Malgré les imprécisions, les points communs entre ces récits ont été pris au sérieux. Plusieurs études et enquêtes ont été lancées pour tenter d'éclaircir le mystère. Le président américain, Joe Biden, a même signé une loi pour indemniser les victimes en 2021, certaines personnes ayant subi des lésions cérébrales graves – mais toujours sans explication claire.

Une étude médicale conduite à la demande du gouvernement américain en 2018 a conclu à la découverte de ce qui pourrait être "une nouvelle entité clinique", semblable à une commotion cérébrale permanente, mais sans faire de lien de cause à effet avec les sons décrits. Une autre étude (en PDF) publiée la même année suggère par ailleurs que des équipements de surveillance cubains dysfonctionnels pourraient aussi être à l'origine des sons, relève le journal américain Miami Herald.

Coïncidences ou "arme acoustique" secrète ?

En 2022, un rapport de scientifiques (en PDF) estimait que certains cas ne pouvaient être liés à la santé des personnes affectées, leur environnement ou des facteurs psychologiques. Le texte émettait la possibilité que les symptômes soient causés par des ultrasons ou de l'"énergie électromagnétique pulsée" ("pulsed electromagnetic energy"), résumait le média britannique The Guardian, non sans rappeler le "manque de recherches" sur les effets pour les humains.

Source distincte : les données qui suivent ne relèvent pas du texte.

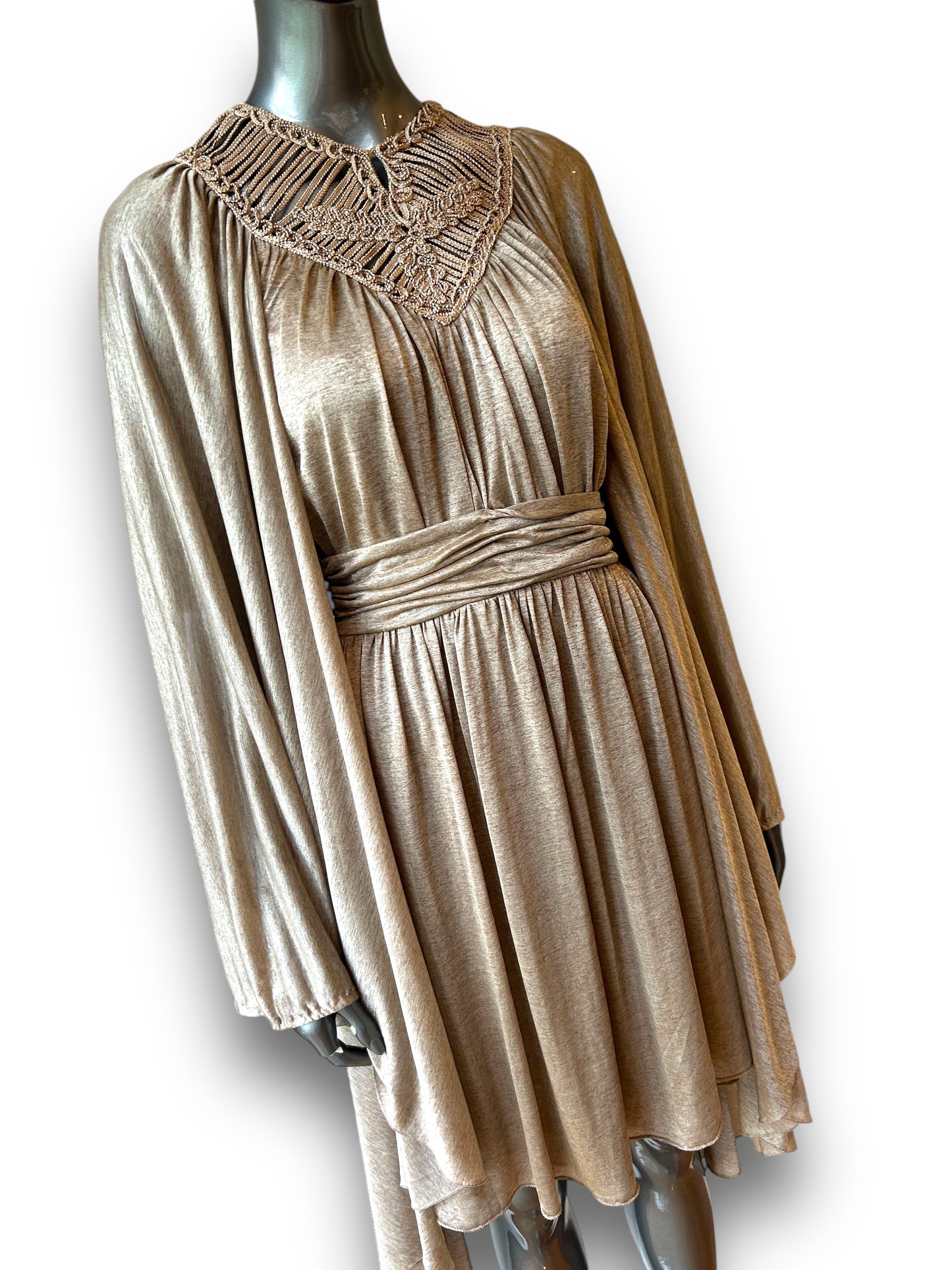 Vintage 1970s dramatic angle sleeve goddess bohemian dress.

James Benford, un physicien spécialiste des micro-ondes de haute puissance interrogé par CBS, a de son côté expliqué que des transmetteurs à micro-ondes pouvant endommager le cerveau étaient étudiés depuis plus de cinquante ans et étaient développés dans plusieurs pays, dont les Etats-Unis, la Russie et la Chine.

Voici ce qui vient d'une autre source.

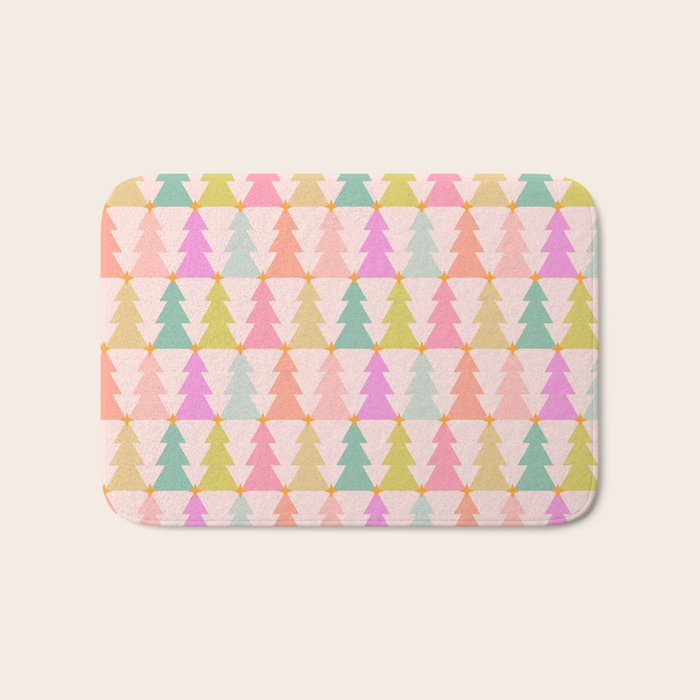 Christmas trees pastel geometric pattern Bath Mat Gallery Image 1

La nouvelle enquête journalistique sur le sujet, menée conjointement par le journal russe indépendant The Insider, CBS et le magazine allemand Der Spiegel, conclut cette fois à la probable responsabilité de la Russie. Et plus particulièrement celle d'une unité du renseignement militaire russe (GRU), la 29155, spécialisée dans les opérations clandestines à l'étranger, les assassinats ciblés et les ingérences étatiques (dont l'empoisonnement de l'ancien espion russe Sergueï Skripal au Royaume-Uni en 2018).

Les trois médias disent avoir "découvert des éléments suggérant que ces incidents anormaux de santé (...) pourraient provenir de l'utilisation d'armes à énergie dirigée, maniées par des membres de l'unité 29155" du GRU. Ses agents auraient expérimenté des "armes acoustiques non létales" et auraient été géolocalisés à plusieurs reprises près des agents ayant subi ces symptômes, peu de temps avant ou au moment de leur survenue, d'après The Insider.

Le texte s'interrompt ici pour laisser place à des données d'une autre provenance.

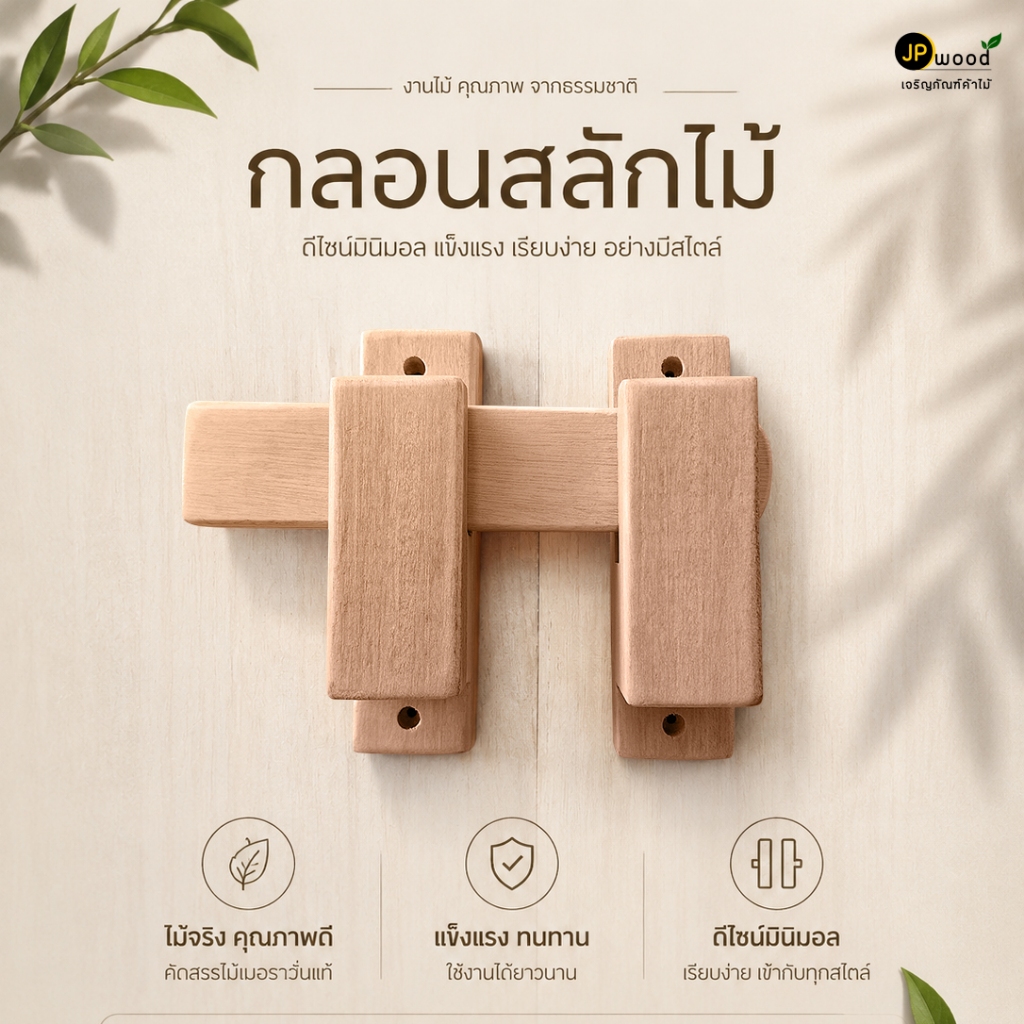 กลอนสลักไม้ กลอนไม้มินิมอล กลอนไม้เมอราวั่น ขนาด 6" , 8" , 10" พร้อมทำสี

Le renseignement américain nie la thèse de l'action étrangère 

L'an dernier, le renseignement américain a pourtant voulu couper court à ces spéculations. Au terme de plusieurs années d'enquête sur près de 1 500 "incidents de santé anormaux" chez les diplomates et espions américains, la majorité des agences de renseignement participantes ont conclu que les informations disponibles ne permettaient pas d'attester qu'un ennemi des Etats-Unis était à l'origine de ces symptômes. Rien ne prouvait en outre qu'une puissance étrangère disposait d'une arme capable de provoquer ces troubles, selon le rapport cité par The Guardian en mars 2023.

D'après ce rapport, les études médicales ayant conclu à la spécificité du "syndrome de La Havane" souffraient de problèmes méthodologiques et partaient de présupposés démentis par les faits. Les symptômes étaient "probablement le résultat de facteurs (...) comme des problèmes préexistants, des maladies communes et des facteurs environnementaux", selon ce texte. 

Les nouvelles investigations de grands médias internationaux n'ont pas fait varier ce point de vue. Le porte-parole du département d'Etat américain s'est ainsi refusé à commenter directement cette enquête, mais il a déclaré que la communauté du renseignement continuait de juger une origine étrangère improbable.

Moscou aussi rejette toute implication. "Ce sujet a été gonflé dans la presse depuis plusieurs années déjà. Et depuis le début, c'est souvent associé à la Russie", a déclaré Dmitri Peskov, porte-parole du Kremlin, lors d'une conférence de presse lundi 1er avril. "Personne n'a jamais publié de preuve convaincante, donc tout cela n'est rien d'autre qu'une accusation sans fondement".